You are viewing a plain text version of this content. The canonical link for it is here.
Posted to user@mahout.apache.org by Lingxiang Cheng <li...@yahoo.com> on 2011/12/25 14:59:05 UTC

Mahout classifier on Hadoop

Hi,
 
    I am a newbie to Mahout. When I was reading the book "Mahout in Action", I found chapters talking about how clustering naturally fit into Map/Reduce framework, but I did not see the same claim for classifiers. Does it involve a lot of work to make classifiers like random forest work with Hadoop?
 
Thanks!
Lingxiang Cheng 

Mahout classifier on Hadoop

Posted by Lingxiang Cheng <li...@yahoo.com>.
Hi,


    I am a newbie to Mahout. When I was reading the book "Mahout in Action", I found chapters talking about how clustering naturally fit into Map/Reduce framework, but I did not see the same claim for classifiers. Does it involve a lot of work to make classifiers like random forest work with Hadoop?

Thanks!
Lingxiang Cheng 

Re: Mahout classifier on Hadoop

Posted by Ted Dunning <te...@gmail.com>.
On Sun, Dec 25, 2011 at 4:08 PM, Lingxiang Cheng
<li...@yahoo.com>wrote:

>
>    Thanks for the answer. I am having some difficulty understanding why
> running random forest on top of Hadoop "does not produce arbitrary
> scalability". Could you elaborate?
>

The problem is that the problem is difficult to decompose well and get
linear scaling.  For instance, if you shard the data by features, you want
to have overlap between the features for different shards.  This means that
the total data processed during learning increases super-linearly with the
number of shards.

On the other hand, sharding by training data records leaves you with a
problem of how to combine different models and whether you get the kind of
improved training that you want.  Just taking the union of trees in each
ensemble probably isn't that effective (based on analogizing from other
types of learning).



> Also, are you aware of any work that involved developing random forest
> using map-reduce?
>

Well, we have it.  There are fancier efforts as well.  Have you done a web
search?

Re: Mahout classifier on Hadoop

Posted by Lingxiang Cheng <li...@yahoo.com>.
Hi Ted,
 
   Thanks for the answer. I am having some difficulty understanding why running random forest on top of Hadoop "does not produce arbitrary scalability". Could you elaborate?
Also, are you aware of any work that involved developing random forest using map-reduce?
 
Thanks!
Lingxiang 


________________________________
From: Ted Dunning <te...@gmail.com>
To: user@mahout.apache.org; Lingxiang Cheng <li...@yahoo.com> 
Sent: Sunday, December 25, 2011 4:13 PM
Subject: Re: Mahout classifier on Hadoop

Random forest works as a map-reduce program, but that does not produce
arbitrary scalability.

The Naive Bayes classifier is relatively natural as a map-reduce program
and has a map-reduce version.

The linear classifiers like linear regression do not have map-reduce
versions (yet) since there is some difficulty in getting these to work well.

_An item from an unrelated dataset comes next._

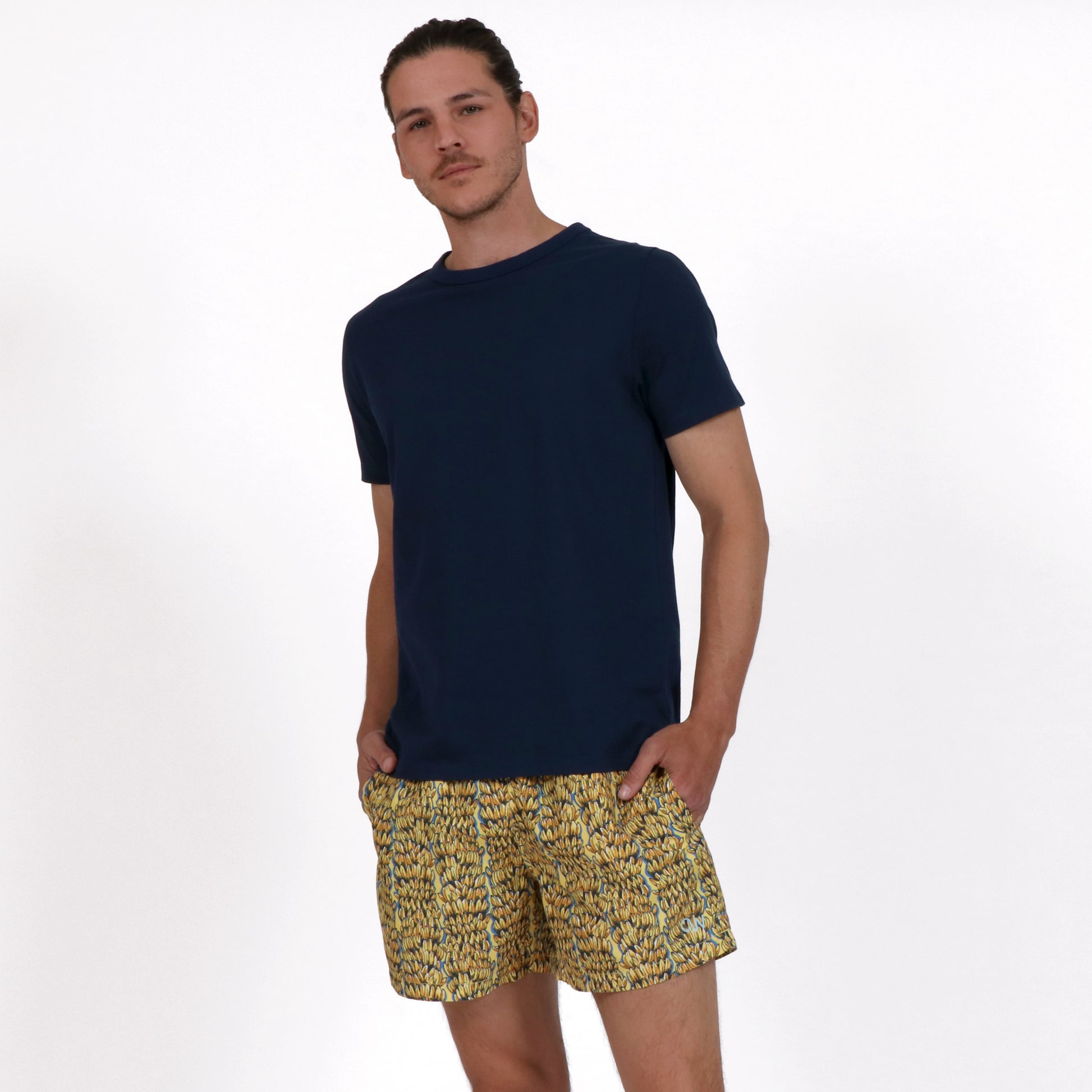 OWSS2207 GOING BANANAS PRINT SWIM SHORT RECYCLED POLYESTER STYLED WITH TRUE NAVY ORGANIC COTTON BOX FIT T-SHIRT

On Sun, Dec 25, 2011 at 5:59 AM, Lingxiang Cheng
<li...@yahoo.com>wrote:

> Hi,
>
>    I am a newbie to Mahout. When I was reading the book "Mahout in
> Action", I found chapters talking about how clustering naturally fit into
> Map/Reduce framework, but I did not see the same claim for classifiers.
> Does it involve a lot of work to make classifiers like random forest work
> with Hadoop?
>
> Thanks!
> Lingxiang Cheng

Re: Mahout classifier on Hadoop

Posted by Ted Dunning <te...@gmail.com>.
Random forest works as a map-reduce program, but that does not produce
arbitrary scalability.

The Naive Bayes classifier is relatively natural as a map-reduce program
and has a map-reduce version.

The linear classifiers like linear regression do not have map-reduce
versions (yet) since there is some difficulty in getting these to work well.

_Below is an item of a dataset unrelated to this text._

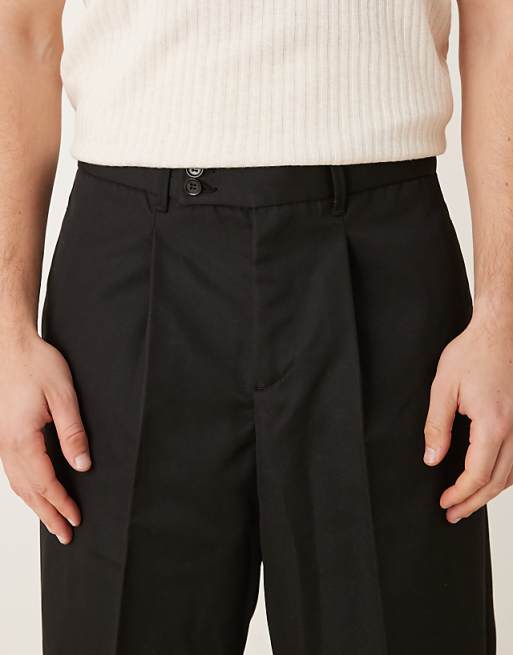DESIGN Smart Carrot Fit Trousers With Double Button Waistband In Black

On Sun, Dec 25, 2011 at 5:59 AM, Lingxiang Cheng
<li...@yahoo.com>wrote:

> Hi,
>
>     I am a newbie to Mahout. When I was reading the book "Mahout in
> Action", I found chapters talking about how clustering naturally fit into
> Map/Reduce framework, but I did not see the same claim for classifiers.
> Does it involve a lot of work to make classifiers like random forest work
> with Hadoop?
>
> Thanks!
> Lingxiang Cheng